Paddy was like “a late [Chicago] Mayor Daley, you know, brother-in-law on the payroll kind of thing,” Biden recalled — just a day after House Republicans released bank-record information on Biden family income from China to Hunter and James Biden, presidential daughter-in-lawn Hallie Biden and also an unnamed Biden. *** You’re wondering why I like Paddy?” Biden’s grandfather supposedly said.
“He said…. let me tell you something, ‘He’d looked at you say, ‘Ambrose. I’m going to cut your heart out.’ And you know he’d mean it,” the president recalled.
“Or, ‘Ambrose, I’m going to jump off the bridge for you.’ Whatever he said, he’d do — just remember, do what you say. Do what you say.” ***
(Excerpt) Read more at msn.com ...
Not yet.
Child: Mommy, Grandpa Biden is saying crazy things again. Make him stop.
There must be a reason why he has no relatives in jail. Like his son for instance.
There must be a reason why he himself isn’t a registered child sex offender in jail.
Hmm. I wonder what these reasons are. They’ll come to me in a minute.
As one-liners go, that’s really not that bad... and it’s funny.
People are far too serious nowadays and can’t take a joke..
You can’t even get away with a good blond joke anymore...

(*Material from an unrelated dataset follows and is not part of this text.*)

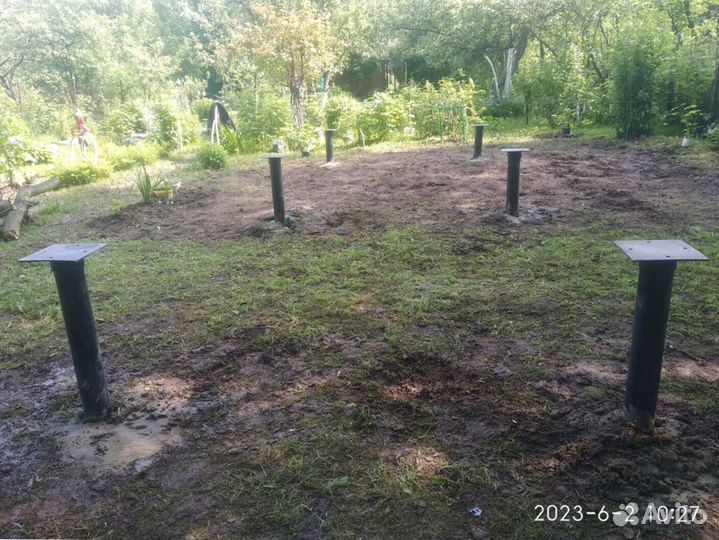 Винтовые сваи от производителя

He’s so funny. Would anyone, even he, say such a derogatory nasty generalization about any other nationality?
No. Just the Irish.
He’s too stupid to be Irish.
The Bee does it again.
Are his cheesy stories believed by anyone?
RE: cringe-worthy jokes
Why? He spouts off about poor children being practically equal to the smarter white children, Obama a miracle of a black man without a criminal record running for office and dozens more.
He just says what he believes when he feels like it, more and more unfiltered due to dementia.
If the Left is “cringing” then they should be on their knees apologizing to us and asking our forgiveness for their evil in putting him into office in a fraudulent election.
No, I don’t forgive them.
I can take a joke. I’m Irish. I’m sober and I don’t have relatives in jail. That’s not a funny statement.
No comment on the 3rd world ferals descending on Ireland. Ireland right now is undergoing a “migrant” invasion even though they’re an island.
Just remember folks, this is the best and brightest the
Democrats had to front for Obama turd term.
What do you call four blondes at a four way stop intersection??????
Impeach Biden.
If he drank, he’d kill that last brain cell.
We’ll see how long that’s true.
“Too bad that Corn Pop didn’t get the better of him.”
Amen to that. The world would be a far better place.